- SOURCE MATERIAL
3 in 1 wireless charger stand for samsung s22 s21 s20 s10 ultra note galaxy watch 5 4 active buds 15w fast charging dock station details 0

---

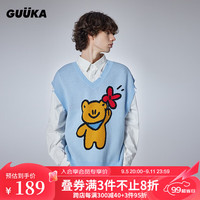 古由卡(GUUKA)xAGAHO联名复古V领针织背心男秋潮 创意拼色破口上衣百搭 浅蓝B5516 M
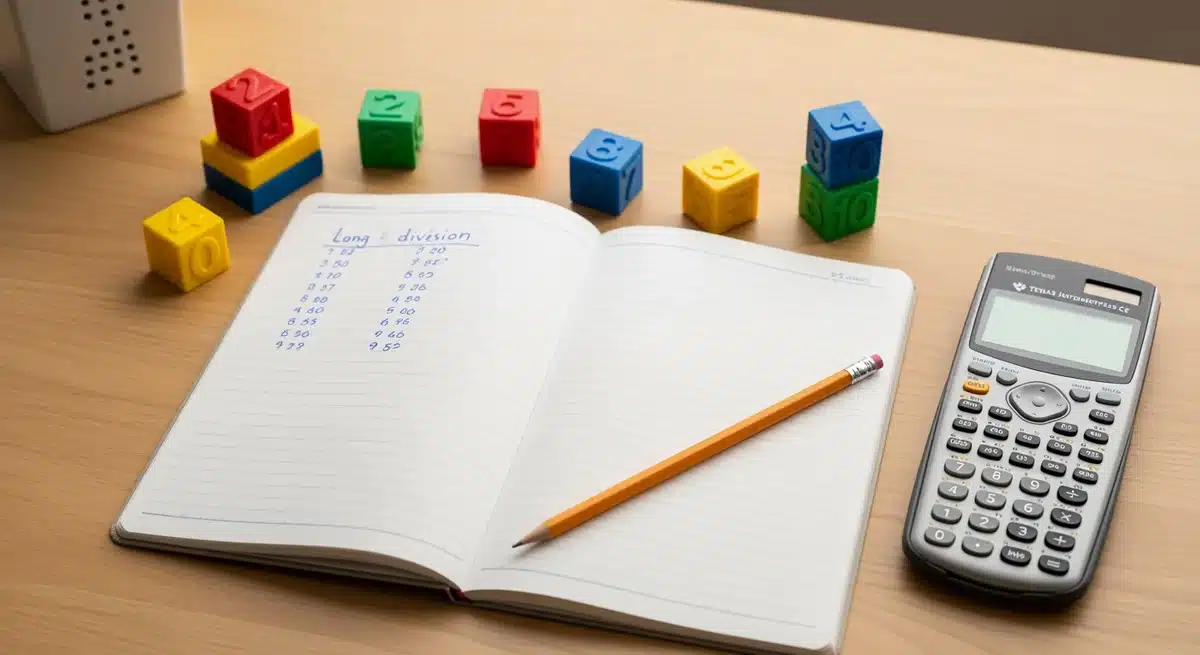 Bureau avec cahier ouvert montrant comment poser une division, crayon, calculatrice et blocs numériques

- ASSIGNMENT
Your copy should hold only the lines above from the one containing "古由卡(GUUKA)xAGAHO联名复古V领针织背心男秋潮 创意拼色破口上衣百搭 浅蓝B5516" through the one containing "Bureau avec cahier", exactly as written and free of pictures.

- ANSWER AREA
 古由卡(GUUKA)xAGAHO联名复古V领针织背心男秋潮 创意拼色破口上衣百搭 浅蓝B5516 M
 Bureau avec cahier ouvert montrant comment poser une division, crayon, calculatrice et blocs numériques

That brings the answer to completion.